As Konstantin Ryabitsev, The Linux Foundation's director of IT infrastructure security, explained in a Google+ post, "Despite what various news sites out there may have told you, kernel 4.14 LTS is not planned to be supported for 6 years. Just because Greg Kroah-Hartman is doing it for 4.4 does not mean that all LTS kernels from now on are going to be maintained for that long."

So, in short, 4.14 will be supported until January 2020, while the 4.4 Linux kernel, which arrived on Jan. 20, 2016, will be supported until 2022. Therefore, if you're working on a Linux distribution that's meant for the longest possible run, you want to base it on Linux 4.4.

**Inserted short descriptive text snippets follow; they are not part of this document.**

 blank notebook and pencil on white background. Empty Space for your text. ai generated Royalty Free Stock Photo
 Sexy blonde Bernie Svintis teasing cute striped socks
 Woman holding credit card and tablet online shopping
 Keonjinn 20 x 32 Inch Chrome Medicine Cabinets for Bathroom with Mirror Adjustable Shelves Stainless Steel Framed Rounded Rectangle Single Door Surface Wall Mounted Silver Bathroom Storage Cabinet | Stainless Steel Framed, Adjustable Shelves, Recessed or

Linux LTS versions incorporate back-ported bug fixes for older kernel trees. Not all bug fixes are imported; only important bug fixes are applied to such kernels. They, especially for older trees, don't usually see very frequent releases.

The other Linux versions are Prepatch or release candidates (RC), Mainline, Stable, and LTS.

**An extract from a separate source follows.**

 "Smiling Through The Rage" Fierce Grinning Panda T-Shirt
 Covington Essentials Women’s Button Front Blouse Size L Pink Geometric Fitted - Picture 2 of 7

RC must be compiled from source and usually contains bug fixes and new features. These are maintained and released by Linus Torvalds. He also maintains the Mainline tree (this is where all new features are introduced). New mainline kernels are released every few months. When the mainline kernel is released for general use, it is considered "stable." Bug fixes for a stable kernel are back-ported from the mainline tree and applied by a designated stable kernel maintainer. There are usually only a few bug-fix kernel releases until the next mainline kernel becomes available.

As for the latest LTS, Linux 4.14, Ryabitsev said, "It is possible that someone may pick up maintainership of 4.14 after Greg is done with it (it's happened in the past on multiple occasions), but you should emphatically not plan on that."

Kroah-Hartman simply added to Ryabitsev's post: "What he said."